BEGIN

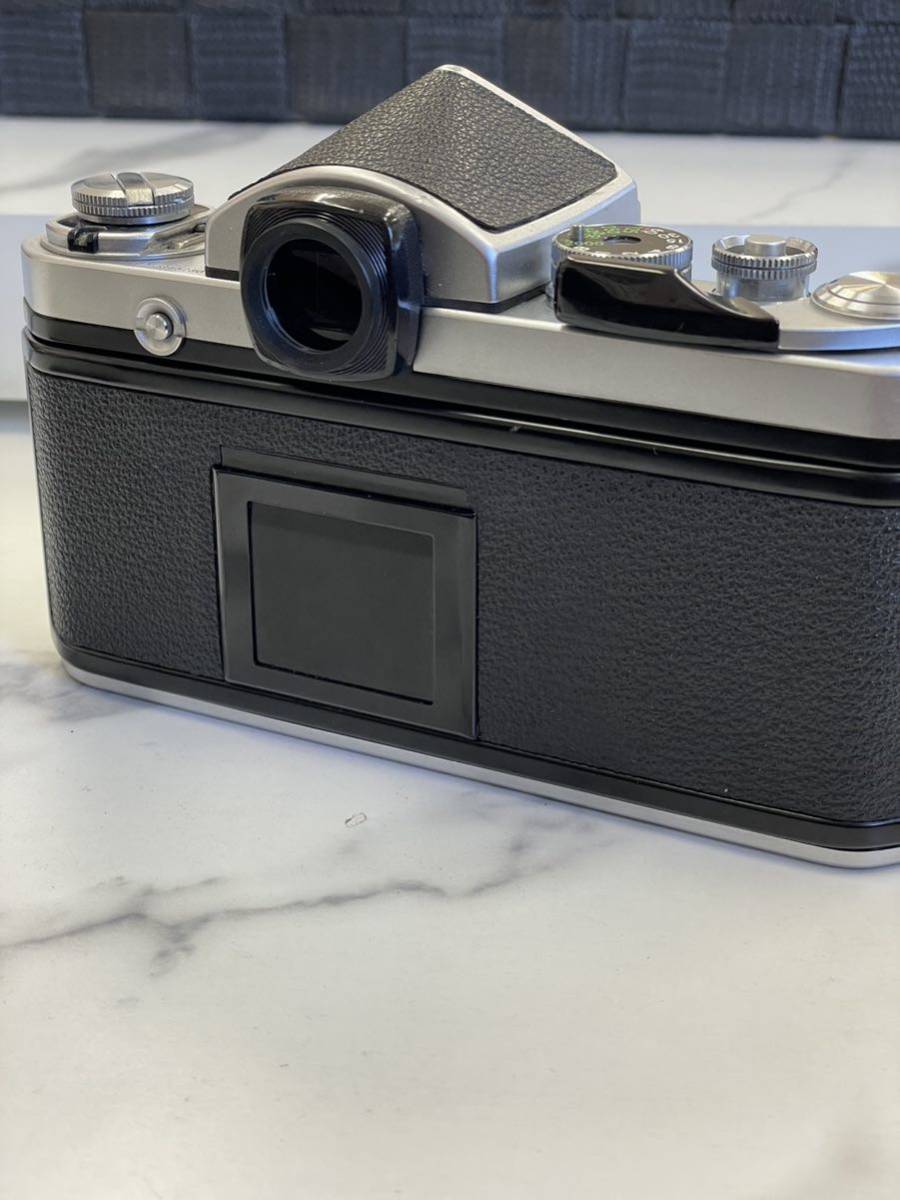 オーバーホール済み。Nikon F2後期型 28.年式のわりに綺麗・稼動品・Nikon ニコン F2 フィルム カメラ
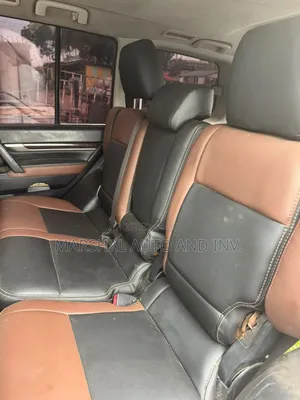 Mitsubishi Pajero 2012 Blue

END
BEGIN

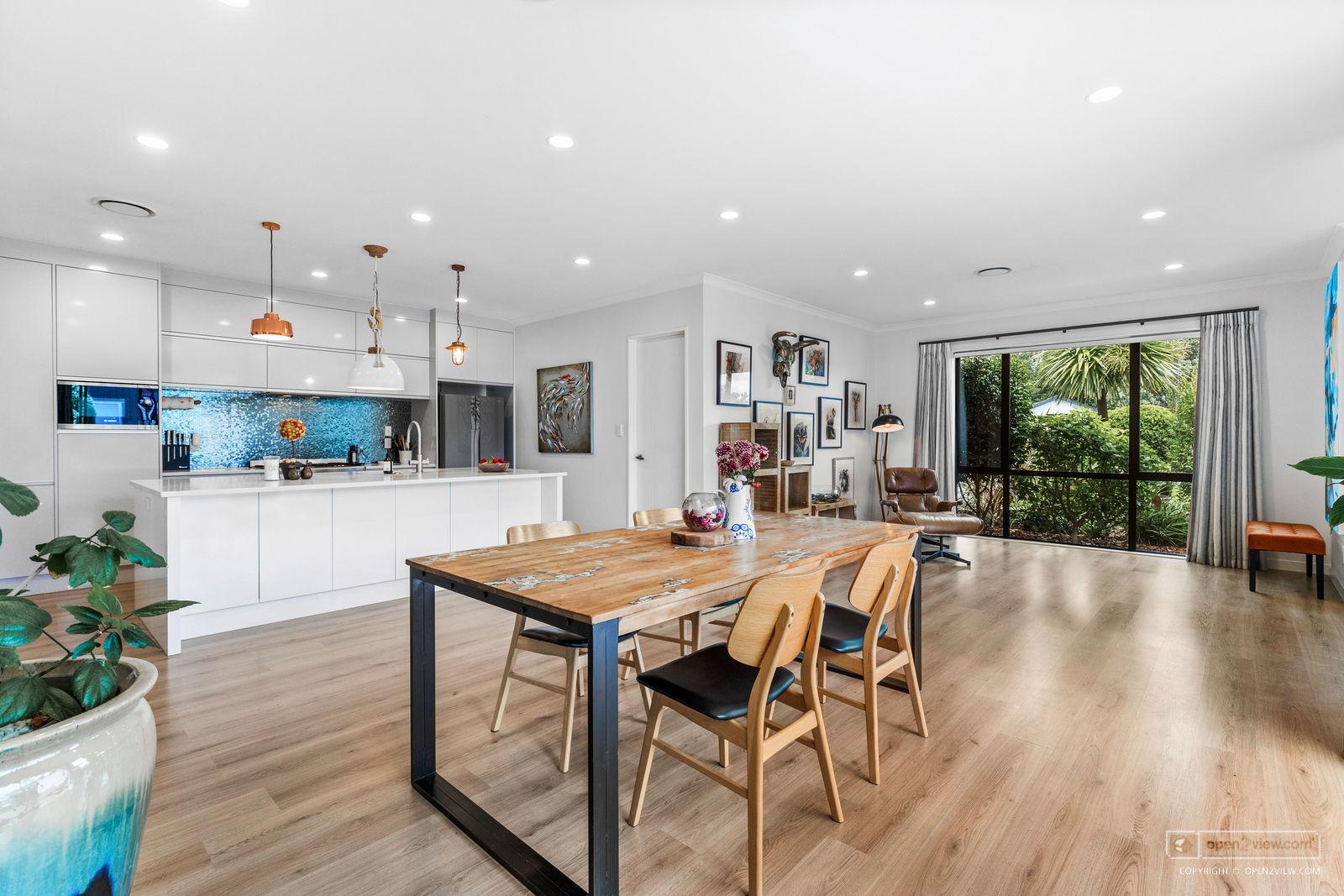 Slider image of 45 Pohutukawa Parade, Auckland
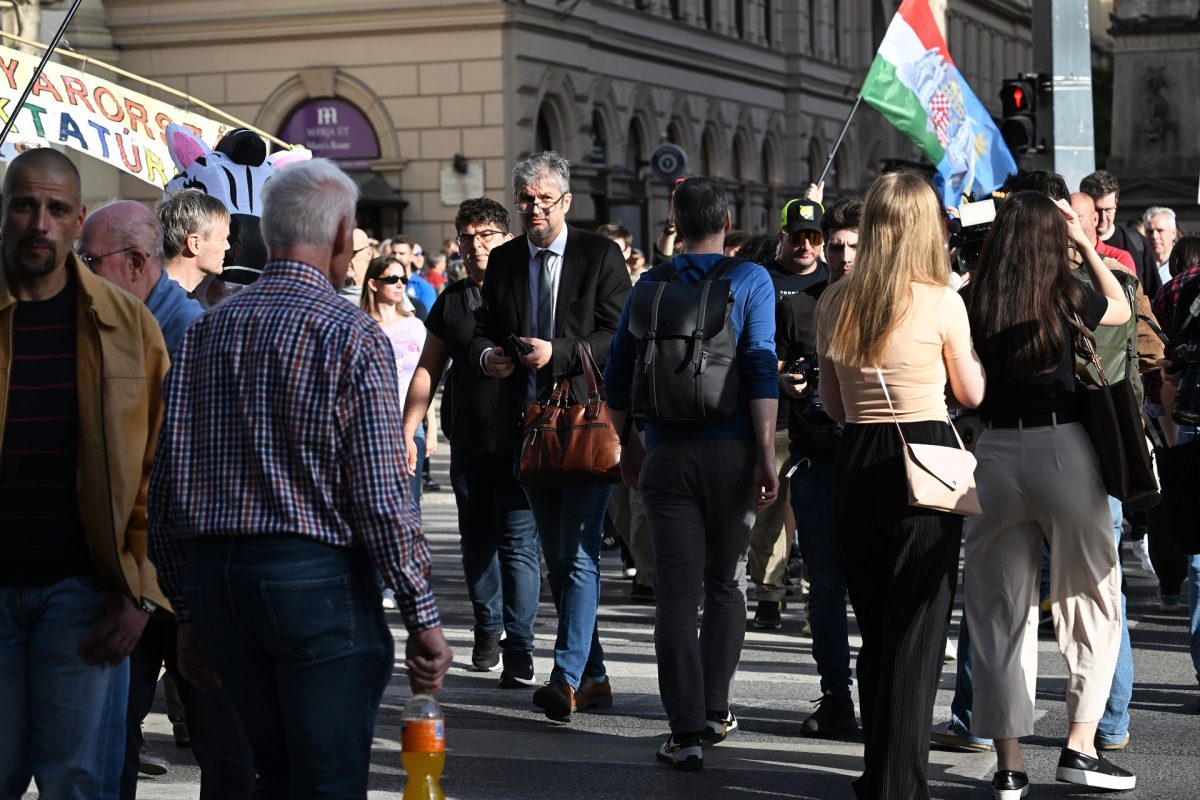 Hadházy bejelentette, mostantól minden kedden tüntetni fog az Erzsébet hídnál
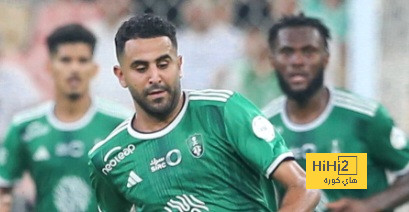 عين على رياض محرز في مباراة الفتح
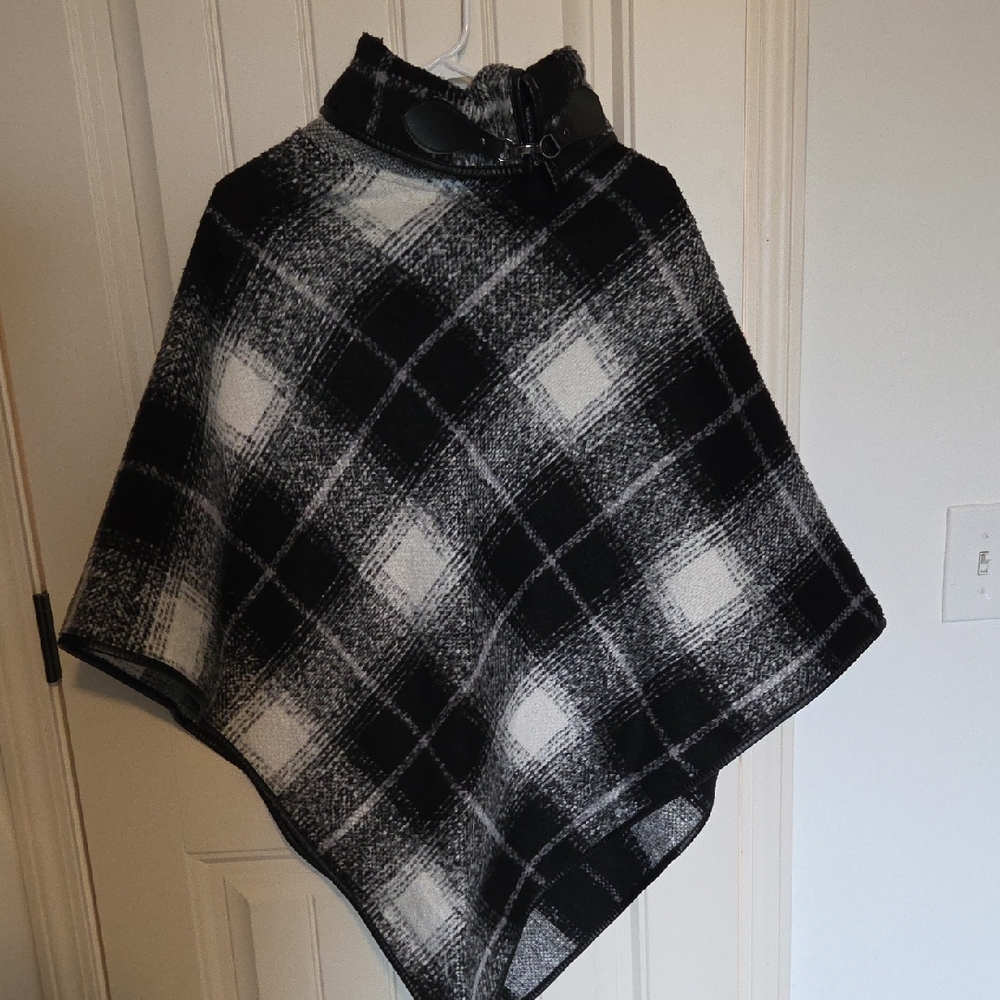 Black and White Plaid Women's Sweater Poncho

END

Task requirements
What's needed is an exact copy of the lines above from the one with "オーバーホール済み。Nikon F2後期型 28.年式のわりに綺麗・稼動品・Nikon" through the one with "Mitsubishi Pajero 2012 Blue", both included; the pictures stay out.

Solution for this problem
 オーバーホール済み。Nikon F2後期型 28.年式のわりに綺麗・稼動品・Nikon ニコン F2 フィルム カメラ
 Mitsubishi Pajero 2012 Blue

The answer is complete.